Dicky Ringeling spent three weeks in the hospice, saying “goodbye” to her family and friends, even joking with the medical staff. “Let’s keep it joyful”, she said. “At least my death will be useful.”

During this period she was examined and her kidneys, lungs, pancreas and liver were found to be in good enough condition for transplantation. She further decided to donate her brain for research on multiple sclerosis.
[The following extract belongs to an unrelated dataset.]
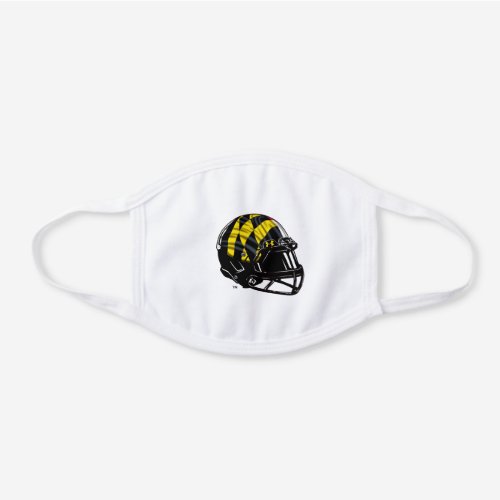 Maryland University Football Helmet Logo White Cotton Face Mask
By the time fixed for her euthanasia a whole organization had been set up for the retrieval of Ringeling’s organs and for their transportation to hospitals where five gravely ill patients were in readiness to receive them.

Even in countries where euthanasia is legal, organ donation after euthanasia remains controversial due to ethical concerns: in particular fears that a push for more and better organs for transplant could lead to patients being pressured to choose euthanasia.

“I wonder how long it will be before elderly people who have ‘already had a good life’ start being eyed up by those with organ failure who are not yet ready to die and being accused covertly, or overtly, of selfishness for being unwilling to hand their fresh healthy organs over,” said prominent euthanasia opponent Peter Saunders following revelations that the practice of organ donation after euthanasia has become common in Belgium. 

Responding to another suggestion in a study that additional organ donations could be expected in Belgium from euthanasia patients with proper “public awareness,” well-known bioethics writer Wesley Smith wrote: “I can think of nothing more dangerous than making mentally ill and despairing disabled people believe their deaths have greater value than their lives. Well one thing, perhaps: Having a society accept the idea that it can benefit at the expense of people in desperate need of care–and whose care is very expensive.”